The only developer-oriented encryption tools freely available in Oracle provide for symmetric encryption. For this reason, I focus on symmetric encryption, not asymmetric encryption, in this chapter.

Because asymmetric encryption systems use different keys to encrypt and decrypt, the source and destination need not know the key that will be used to decrypt. In contrast, symmetric encryption systems do use the same key, so safeguarding the keys when using such systems is very important.

4.1.4. Encryption Algorithms

There are many widely used and commercially available encryption algorithms, but we'll focus here on the symmetric key algorithms supported by Oracle for use in PL/SQL applications. The DES and Triple DES algorithms are supported by both of Oracle's built-in encryption packages: DBMS_CRYPTO and DBMS_OBFUSCATION_TOOLKIT; only DBMS_CRYPTO, introduced in Oracle Database 10g Release 1, supports AES, however.

Data Encryption Standard (DES)

Historically, DES has been the predominant standard used for encryption . It was developed more than 20 years ago for the National Bureau of Standards (which later became the National Institute of Standards and Technology, or NIST), and subsequently DES became a standard of the American National Standards Institute (ANSI) . There is a great deal to say about DES and its history, but my purpose here is not to describe the algorithm but simply to summarize its adaptation and use inside the Oracle database. This algorithm requires a 64-bit key, but discards 8 of them, using only 56 bits. An intruder would have to use up to 72,057,594,037,927,936 combinations to guess the key.

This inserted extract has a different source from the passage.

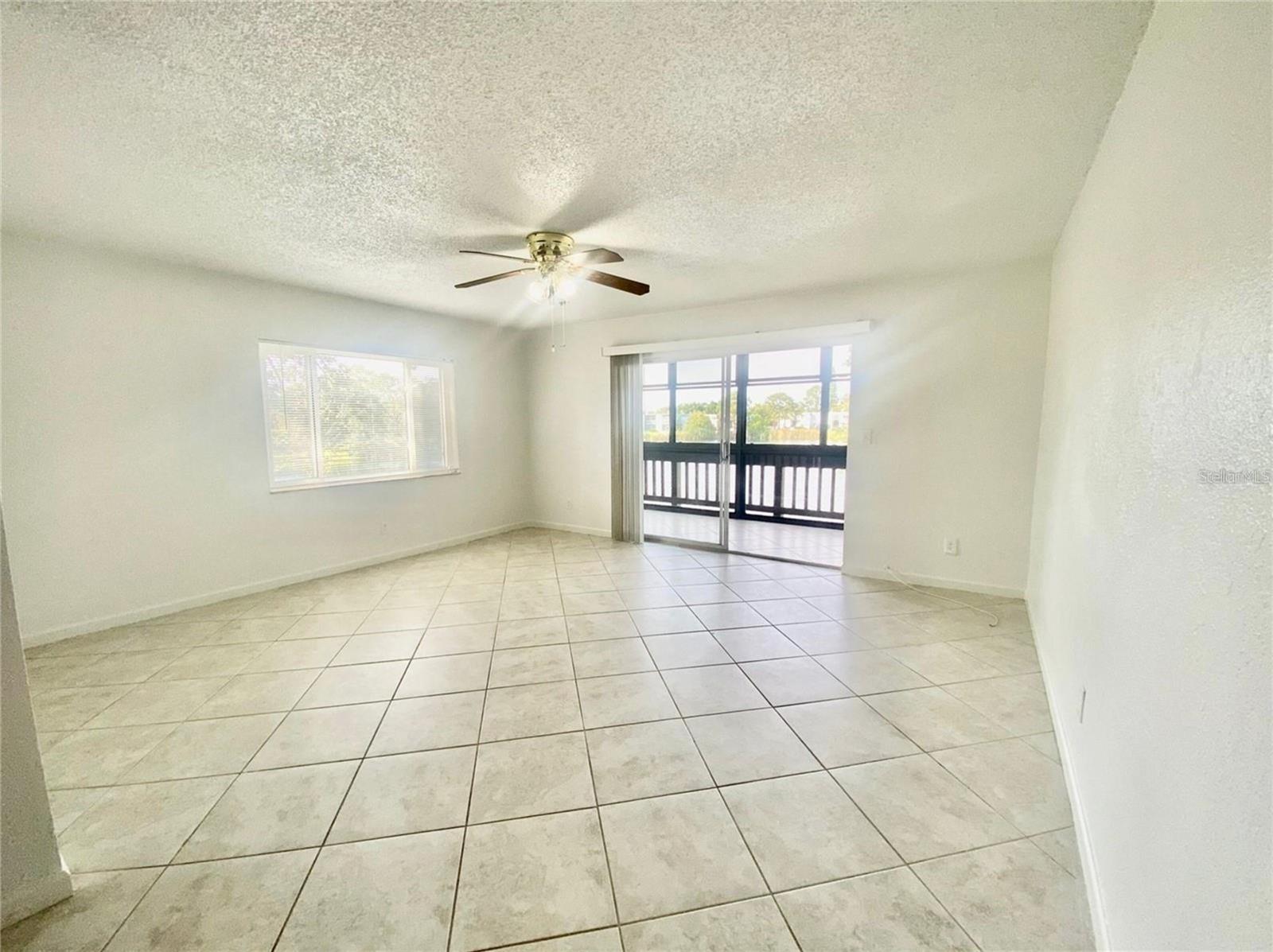 633 N KEENE RD #APT C — photo 8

DES was an adequate algorithm for quite a while, but the decades-old algorithm shows signs of age. Today's powerful computers might find it easy to crack open even the large number of combinations needed to expose the key.

Triple DES (DES3)

NIST went on to solicit development of another scheme based on the original DES that encrypts data twice or thrice, depending upon the mode used. An intruder trying to guess a key would face 2,112 and 2,168 combinations, in two-pass and three-pass encryption routines, respectively. DES3 uses a 128-bit or 192-bit key, depending on whether it is using a two-pass or three-pass scheme.

Triple DES is now also showing signs of age and, like DES, has become susceptible to determined attacks.

Advanced Encryption Standard (AES)

In November 2001, the Federal Information Processing Standards (FIPS) Publication 197 announced the approval of a new standard, the Advanced Encryption Standard, which became effective in May 2002. The full text of the standard can be obtained from NIST at http://csrc.nist.gov/CryptoToolkit/aes/round2/r2report.pdf (or visit the book's web site for the link).

Later in this chapter, I'll show how you can use these algorithms by specifying options or selecting constants in Oracle's built-in packages.

4.1.5. Padding and Chaining

When a piece of data is encrypted, it is not encrypted as a whole by the algorithm. It's usually broken into chunks of eight bytes each, and then each chunk is operated on independently. Of course, the length of the data may not be an exact multiple of eight; in such a case, the algorithm adds some characters to the last chunk to make it exactly eight bytes long. This process is known as padding . This padding also has to be done right so an attacker won't be able to figure out what was padded and then guess the key from there. To securely pad the values, you can use a pre-developed padding method, which is available in Oracle, known as Public Key Cryptography System #5 (PKCS#5). There are several other padding options that allow for padding with zeros and for no padding at all. Later in this chapter, I'll show how you can use padding by specifying options or selecting constants in Oracle's built-in packages.

When data is divided into chunks, there needs to be a way to connect back together those chunks, a process known as chaining. The overall security of an encryption system depends upon how chunks are connected and encryptedindependently or in conjunction with the adjacent chunks. Oracle supports the following chaining methods:

CBC: Cipher Block Chaining, the most common chaining method.
ECB: Electronic Code Book
CFB: Cipher Feedback
OFB: Output Feedback

Later in this chapter, I'll show how you can use these methods by specifying options or selecting constants in Oracle's built-in packages.